Results and Applications

The model's efficacy is evidenced in its ability to generate perceptually coherent 3D structure representations, as demonstrated by its alignment with human cognitive constructs such as symmetry hierarchy, adherence to Gestalt principles, and performance in fine-grained classification tasks. Notably, the GRASS model achieves significant advancements in shape classification and content-aware geometry synthesis, offering a marked improvement over voxel-based methods constrained by resolution limitations.

The implications of this work are significant for fields requiring advanced shape analysis and synthesis, such as computer graphics, CAD applications, and robotics. The ability to interpolate between shape codes further allows for morphing operations, which are applications of particular interest in animation and virtual reality.

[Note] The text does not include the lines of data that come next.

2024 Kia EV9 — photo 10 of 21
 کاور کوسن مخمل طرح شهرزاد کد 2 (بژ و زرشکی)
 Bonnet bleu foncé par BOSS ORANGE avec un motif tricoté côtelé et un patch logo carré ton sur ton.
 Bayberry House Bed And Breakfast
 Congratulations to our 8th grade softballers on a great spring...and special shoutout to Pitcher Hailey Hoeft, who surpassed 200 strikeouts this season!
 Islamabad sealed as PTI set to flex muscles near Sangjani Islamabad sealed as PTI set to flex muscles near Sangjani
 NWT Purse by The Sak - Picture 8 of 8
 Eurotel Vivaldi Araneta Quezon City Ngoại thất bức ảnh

Speculation and Future Directions

While the GRASS framework marks a distinguished advance in 3D shape modeling, it opens up pathways for further research. Future work could explore the integration of this recursive structure with existing methods for real-time applications or expand its application to more diverse object categories. Additionally, understanding the expressiveness and limitations of the fixed-length root codes warrants further exploration, particularly their capability to capture complex interactions and generative processes beyond symmetrical and connectivity-based hierarchies.

In summary, "GRASS: Generative Recursive Autoencoders for Shape Structures" presents an innovative approach to 3D shape structure generation, leveraging neural networks to effectively handle hierarchical complexities. This work offers a foundation upon which further advancements in shape synthesis and analysis could be built, holding promise for broad applications in technology and design disciplines.